第6話「特技を活かす」




「彼らの計画が失敗に終わったのは、元側妃様に人を見る目がなかったから……ということか」


マダリン様が感慨かんがい深げに言いました。

 

「でも彼らの計画が失敗に終わったお陰で、わたくしたちが白い目で見られることがなくなったわ」


カロリーナ様が紅茶を一口すすりました。


「これからは第三者に、『婚約者は魅了の魔法にかかっていただけなのだから許せ』とか、『その程度のことで婚約破棄するなんて酷い』とか、『人間としての情はないのか』と言われることもなくなるのね」


カロリーナ様はカップをソーサーに戻すと、安堵の表情を浮かべました。


「全くだ。他人事だと思って、好き勝手言う奴らが多くて辟易していたからな」


マダリン様がアップルパイをフォークで突き刺しながら、苦々しげに呟きました。


カロリーナ様もマダリン様も、世間の噂や好き勝手なことを言う第三者に、相当辟易していたようです。

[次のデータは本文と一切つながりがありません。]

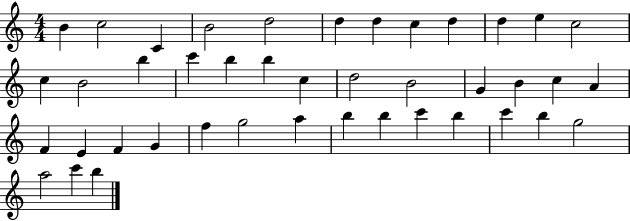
{
  \clef treble
  \numericTimeSignature
  \time 4/4
  \key c \major
  b'4 c''2 c'4 | b'2 d''2 | d''4 d''4 c''4 d''4 | d''4 e''4 c''2 | \break c''4 b'2 b''4 | c'''4 b''4 b''4 c''4 | d''2 b'2 | g'4 b'4 c''4 a'4 | \break f'4 e'4 f'4 g'4 | f''4 g''2 a''4 | b''4 b''4 c'''4 b''4 | c'''4 b''4 g''2 | \break a''2 c'''4 b''4 | \bar "|."
}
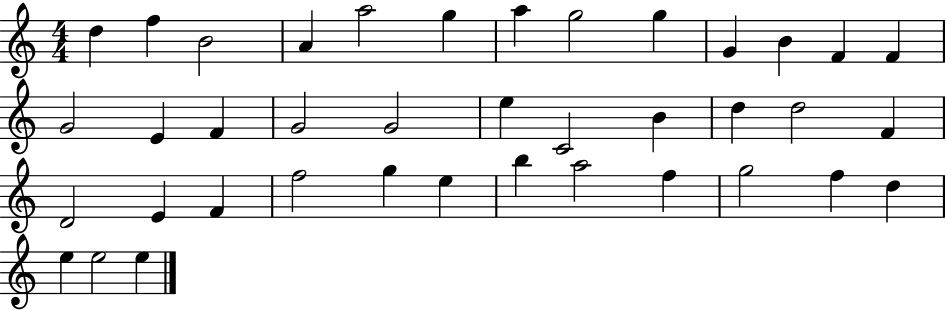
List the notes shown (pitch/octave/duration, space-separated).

D5/q F5/q B4/h A4/q A5/h G5/q A5/q G5/h G5/q G4/q B4/q F4/q F4/q G4/h E4/q F4/q G4/h G4/h E5/q C4/h B4/q D5/q D5/h F4/q D4/h E4/q F4/q F5/h G5/q E5/q B5/q A5/h F5/q G5/h F5/q D5/q E5/q E5/h E5/q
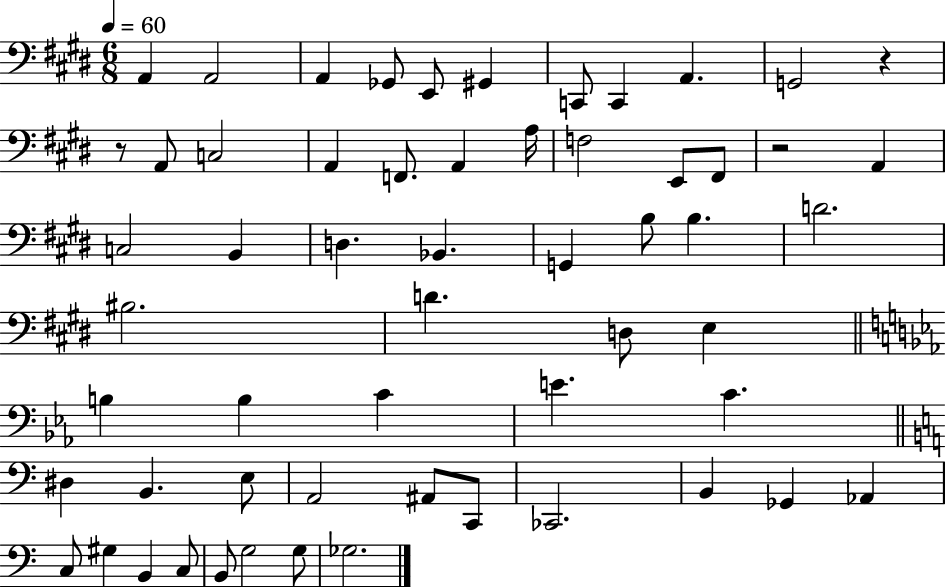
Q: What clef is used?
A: bass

「ところでエミリー様、あなたはこれからどうなさるおつもり?」


カロリーナ様に聞かれ、返答に困ってしまいました。


「どうと言われましても……」


私は未だに進路を決めかねています。


学園の二学年に進級しましたが、周りから好奇の視線を向けられています。


同情してくれる人が大半ですが、婚約を破棄した私に蔑みの視線を向ける人もいて、学園に通うのは正直に言えば辛いです。


かと言って、私にはカロリーナ様やマダリン様のように、隣国に留学する才能や度胸もありません。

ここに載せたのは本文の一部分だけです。